DXY INDEX PRICE CHART: 120-MINUTE TIMEFRAME (DECEMBER 17, 2018 TO JANUARY 09, 2019) (CHART 1)
Recent developments between fresh economic data and progressively more dovish remarks from Fed committee member speeches renders the FOMC minutes slightly outdated. Several economic gauges have deteriorated with some largely missing consensus expectations such as the ISM Purchasing Managers Index for both the manufacturing and services sectors.
The downshift of America’s economic engine has resulted in the Federal Reserve updating its Summary of Economic Projections which lowered estimates for GDP, inflation, and the midpoint target for the federal funds rate. Additionally, the Fed has taken a more aggressive approach to communicating its commitment to data dependency as participants remain open to holding off on more rate hikes seeing that the Fed is not on a preset course.
This has been conveyed most powerfully by Fed Chairman Jerome Powell who last Friday reassured markets that the central bank has the back of investors should the financial situation turn sour. At an interview at the American Economic Association, Powell commented that the Fed can be “patient as we watch to see how the economy evolves” especially with the subdued readings of inflation witnessed.
Furthermore, this has been echoed by Federal Reserve Bank District Presidents Eric Rosengren and Raphael Bostic who both touched on the idea of the Fed listening to the financial market’s reaction to monetary policy tightening and current risks which have plagued investor risk sentiment. Most prominently, the discussion over the tapering of the Fed’s balance sheet is now on the table for discussion – a change that could pose a material shift to how markets anticipate the Fed’s conduct of monetary policy and path to normalization.
FED FUTURES IMPLIED INTEREST RATE HIKE PROBABILITIES BY DECEMBER 2019 PRICE CHART: DAILY TIMEFRAME (JUNE 01, 2018 TO JANUARY 09, 2019) (CHART 2)

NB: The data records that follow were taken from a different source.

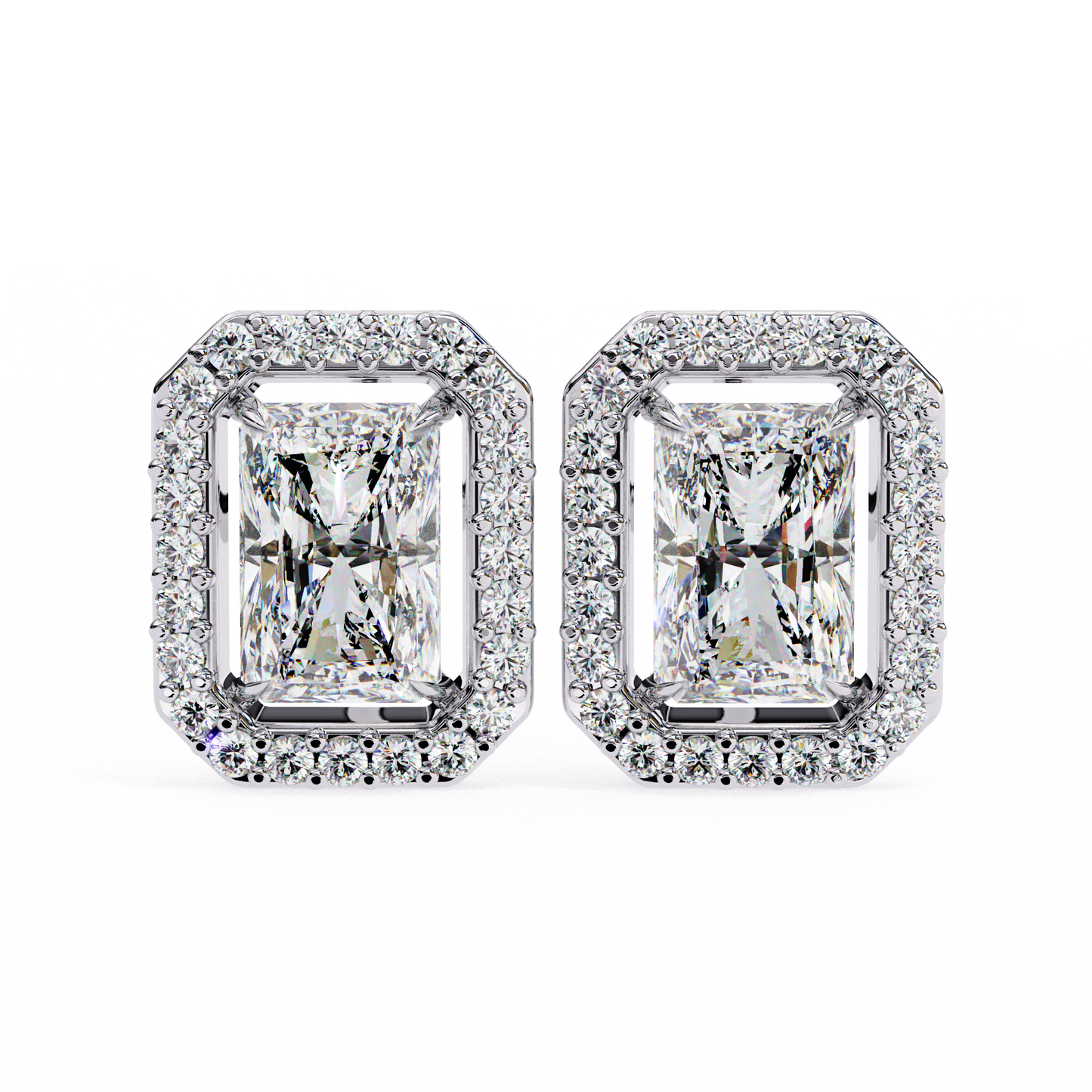 1.86ct Lab Grown Radiant Cut Diamond Earrings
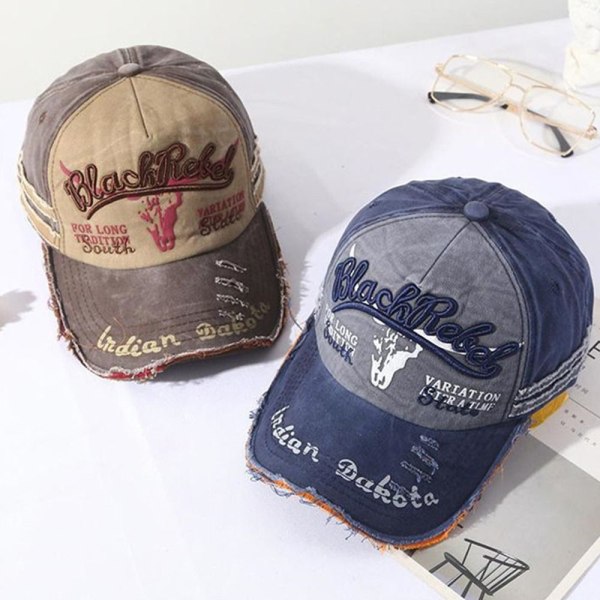 Broderi Baseball Kepsar Distressed Faded Cap MARINE - spot sales navy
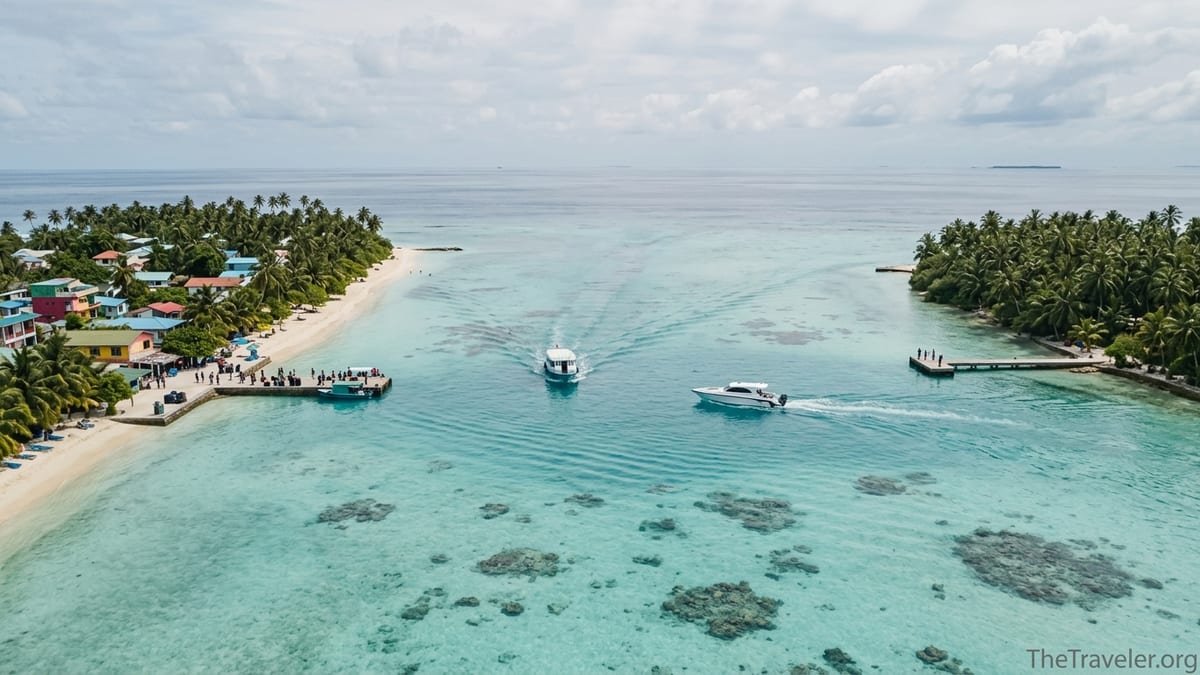A ferry and speedboat crossing turquoise Maldivian waters between two lush local islands.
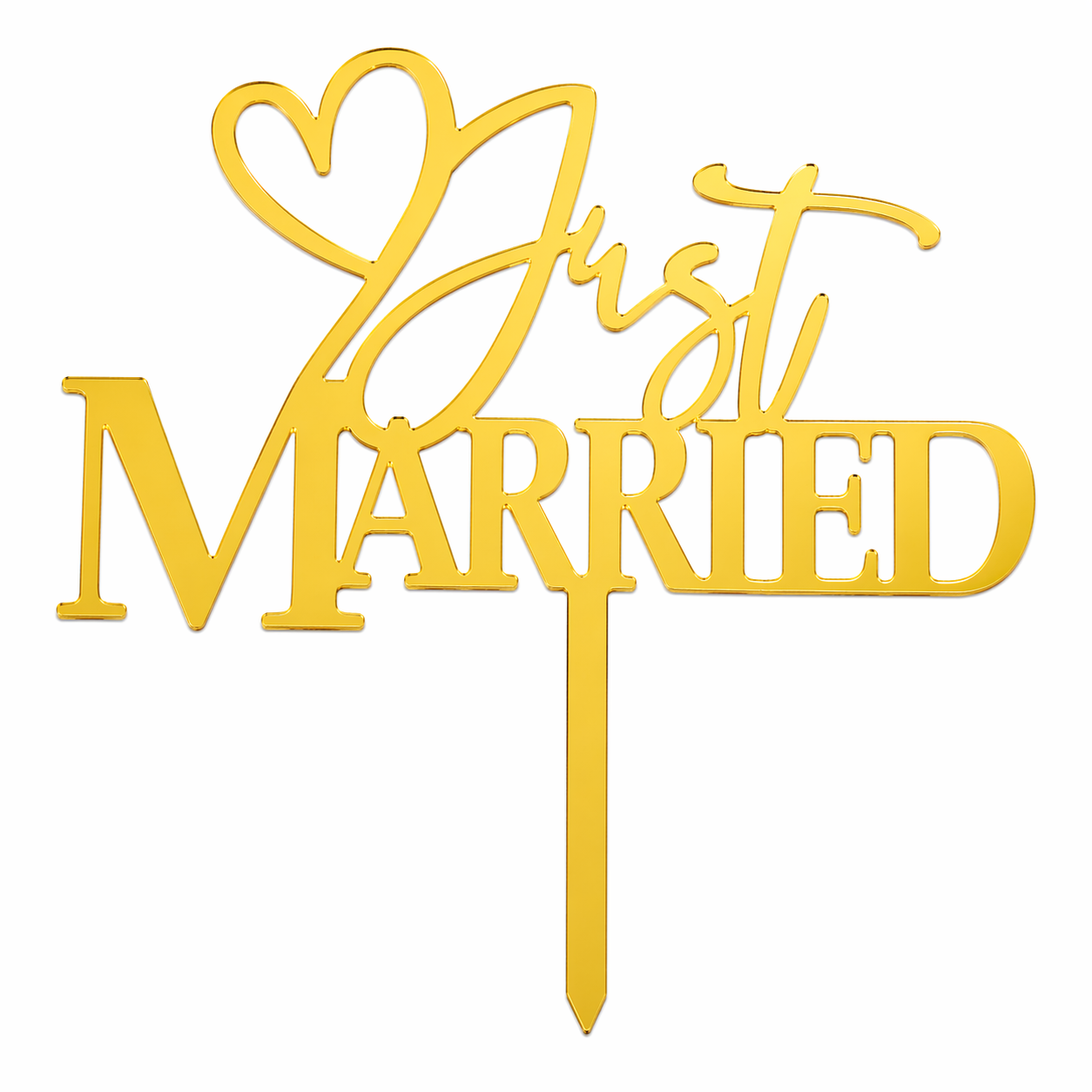 Just Married Acrylic Cake Topper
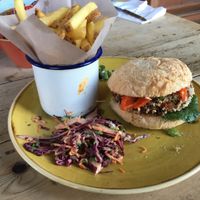 Vegan burger, slaw and fries at Pico Lounge in Glossop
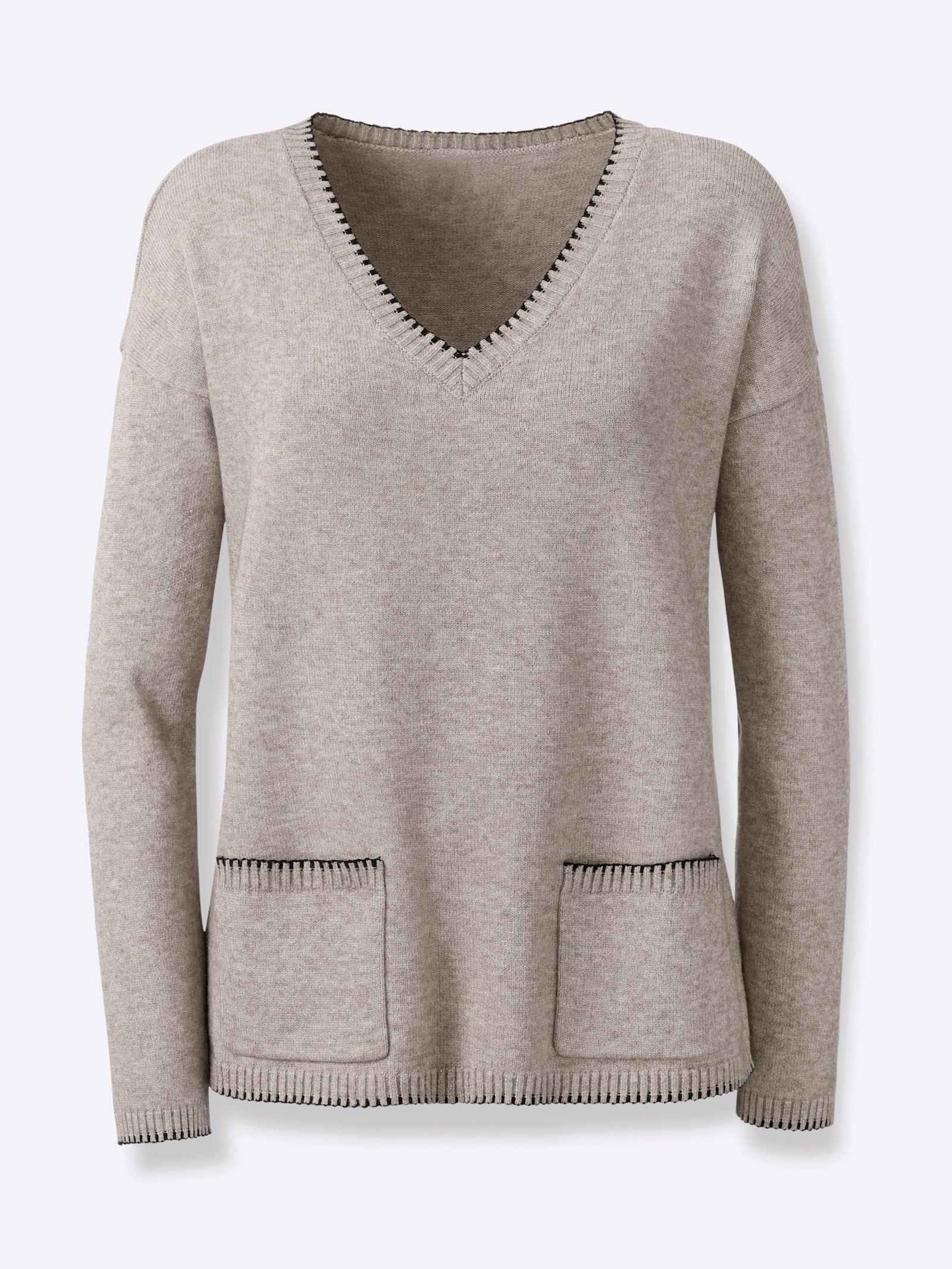 heine Pullover mit Kontrastnähten - taupe-meliert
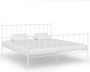 The Living Store Bedframe metaal wit 200x200 cm Bedframe Bedframes Tweepersoonsbed Tweepersoonsbedden Bed Bedden Bedombouw Bedombouwen Frame Frames Slaapmeubel - Thumbnail 1
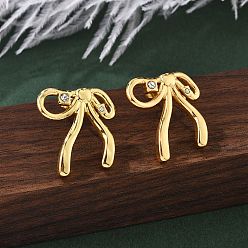 Настоящее золото 18K 304 серьги-гвоздики из нержавеющей стали для женщин, бантом, ионное покрытие (ip), со стразами, реальный 18 k позолоченный, 22x20 мм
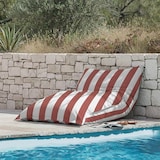 thumbnail of Pouf rayé XL imperméable coussin géant 140x120 cm argile et blanc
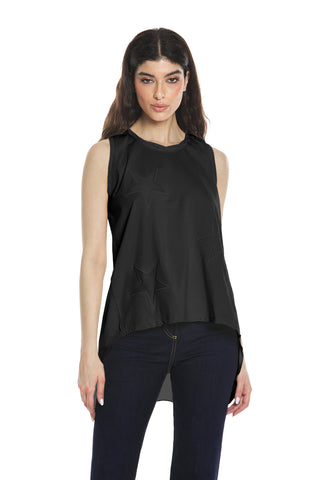 NARCISOS tank top with wide waistband plus star embroidery plus georgette inserts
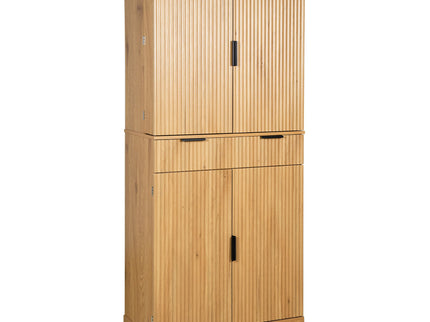 Fluted Kitchen Pantry Cabinet With 3 Keyboard Drawers & 6 Door Shelves Adjustable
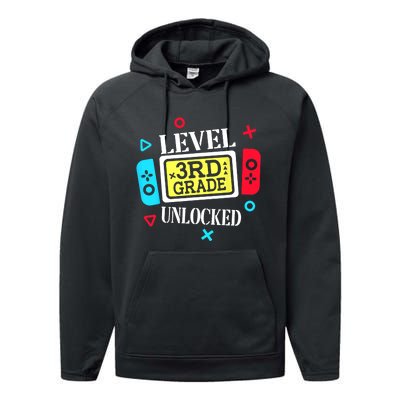 Level 3rd Grade Unlocked Third Back To School Gamer Boy Girl Performance Fleece Hoodie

With the prospect of future rate hikes quickly vanishing from the minds of market participants with the dovish drumbeat growing louder, the USD has been depreciating accordingly. The Fed at one time projected up to four interest rate hikes for 2019, but now only forecasting closer to two while money markets on the otherhand are starting to price rate cuts for this year.
FOMC Minute Key Takeaways
“Though financial conditions had tightened and Federal Open Market Committee global growth had moderated, members generally anticipated that growth would remain above trend and the labor market would remain strong.”
“Several participants expressed the view that it might be appropriate over upcoming meetings to remove forward guidance entirely and replace it with language emphasizing the data dependent nature of policy decisions.”
“The tightening in financial conditions so far did not appear to be restraining real activity, although a more persistent tightening would undoubtedly weigh on business and household spending.”
“Risks to the outlook appeared roughly balanced, although some noted that downside risks may have increased of late.”